• **Activity**
Your task is to repeat all of the data exactly while excluding the pictures.
--
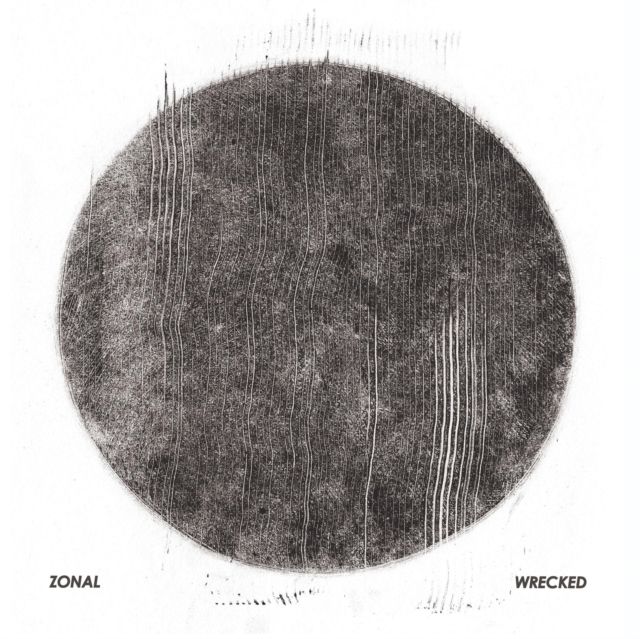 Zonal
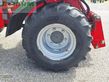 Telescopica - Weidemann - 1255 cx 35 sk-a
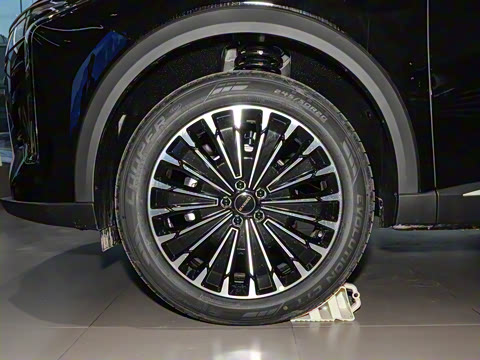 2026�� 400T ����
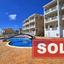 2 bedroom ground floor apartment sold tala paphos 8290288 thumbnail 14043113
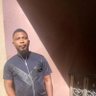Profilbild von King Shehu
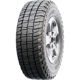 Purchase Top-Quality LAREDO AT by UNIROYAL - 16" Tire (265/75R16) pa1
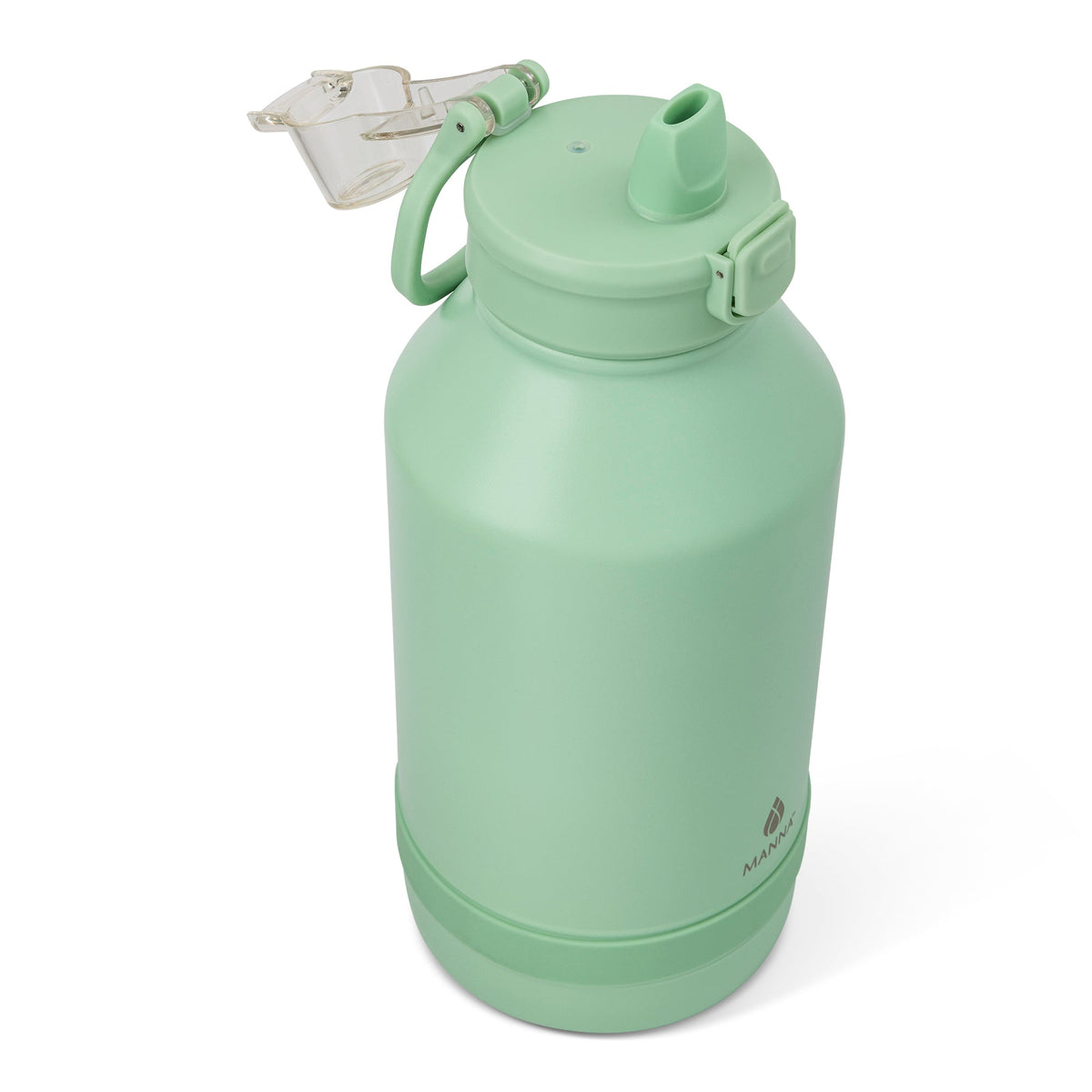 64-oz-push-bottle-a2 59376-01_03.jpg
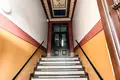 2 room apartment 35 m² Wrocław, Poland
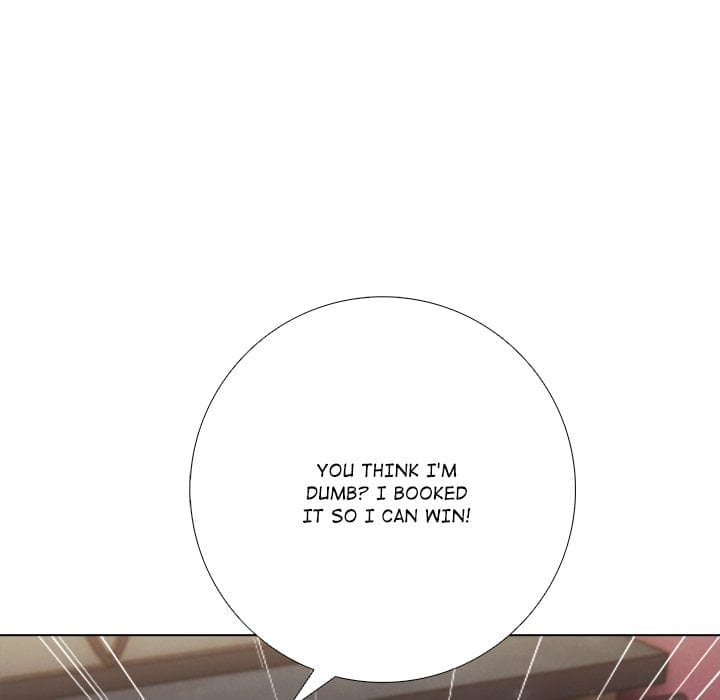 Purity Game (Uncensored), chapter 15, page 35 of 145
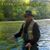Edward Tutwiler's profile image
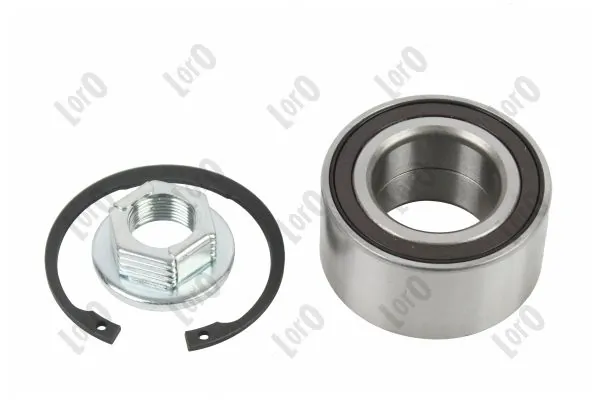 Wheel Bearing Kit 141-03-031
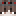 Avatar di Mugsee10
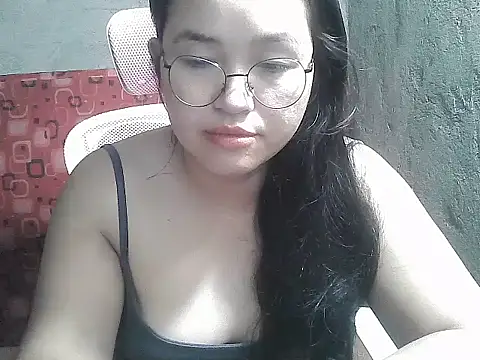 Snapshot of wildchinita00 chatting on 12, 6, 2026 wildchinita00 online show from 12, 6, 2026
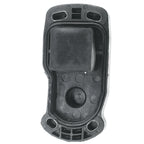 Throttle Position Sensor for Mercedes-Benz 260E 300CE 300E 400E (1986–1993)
--
• **Answer section**
 Zonal
 Telescopica - Weidemann - 1255 cx 35 sk-a
 2026�� 400T ����
 2 bedroom ground floor apartment sold tala paphos 8290288 thumbnail 14043113
Profilbild von King Shehu
 Purchase Top-Quality LAREDO AT by UNIROYAL - 16" Tire (265/75R16) pa1
 64-oz-push-bottle-a2 59376-01_03.jpg
 2 room apartment 35 m² Wrocław, Poland
 Purity Game (Uncensored), chapter 15, page 35 of 145
Edward Tutwiler's profile image
 Wheel Bearing Kit 141-03-031
 Avatar di Mugsee10
 Snapshot of wildchinita00 chatting on 12, 6, 2026 wildchinita00 online show from 12, 6, 2026
 Throttle Position Sensor for Mercedes-Benz 260E 300CE 300E 400E (1986–1993)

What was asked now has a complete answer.